Start of Provided data
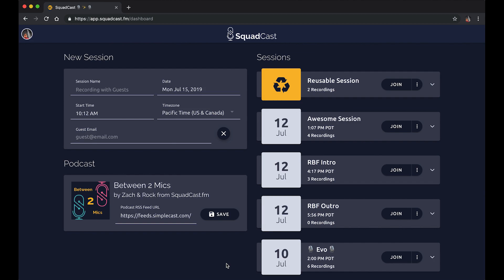Hey, what's up everybody, this is Zach with Squadcast. I wanted to make a quick video to show you how to record a session here in the new Squadcast V2. We're super stoked with a lot of the updates here. We're going to be creating a new session, joining it, and inviting my co-founder and good friend Rock Felder into the session for a quick recording mock demo.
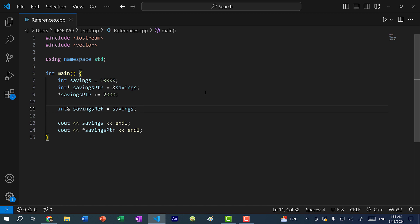Just like with pointers, there is a naming convention. You can say r savings — the R stands for reference. You can also do ref savings, or savings underscore ref, or savings ref — it's up to you. I'm going to use savings ref.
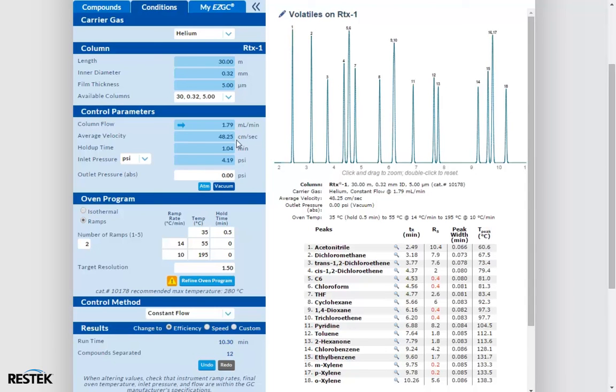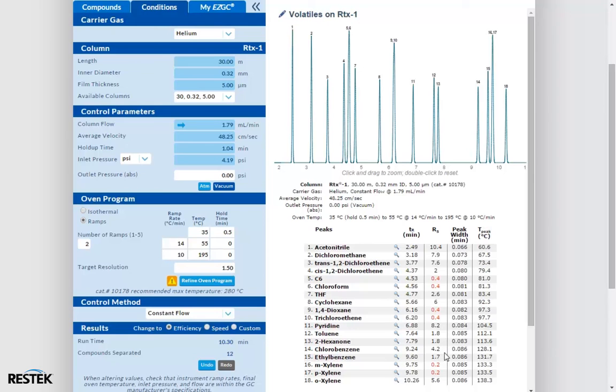We can see that we have a slightly shorter runtime, and we've actually improved the resolution between toluene and 2-hexanone. Also, because we made changes, our refine button is available again. So let's see what we get.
End of Provided data
What needs to be done: Starting with the line that contains "Just like with", reproduce every line to the end of the material above, both end lines included, exactly and with no pictures.

Result of the task:
Just like with pointers, there is a naming convention. You can say r savings — the R stands for reference. You can also do ref savings, or savings underscore ref, or savings ref — it's up to you. I'm going to use savings ref.
We can see that we have a slightly shorter runtime, and we've actually improved the resolution between toluene and 2-hexanone. Also, because we made changes, our refine button is available again. So let's see what we get.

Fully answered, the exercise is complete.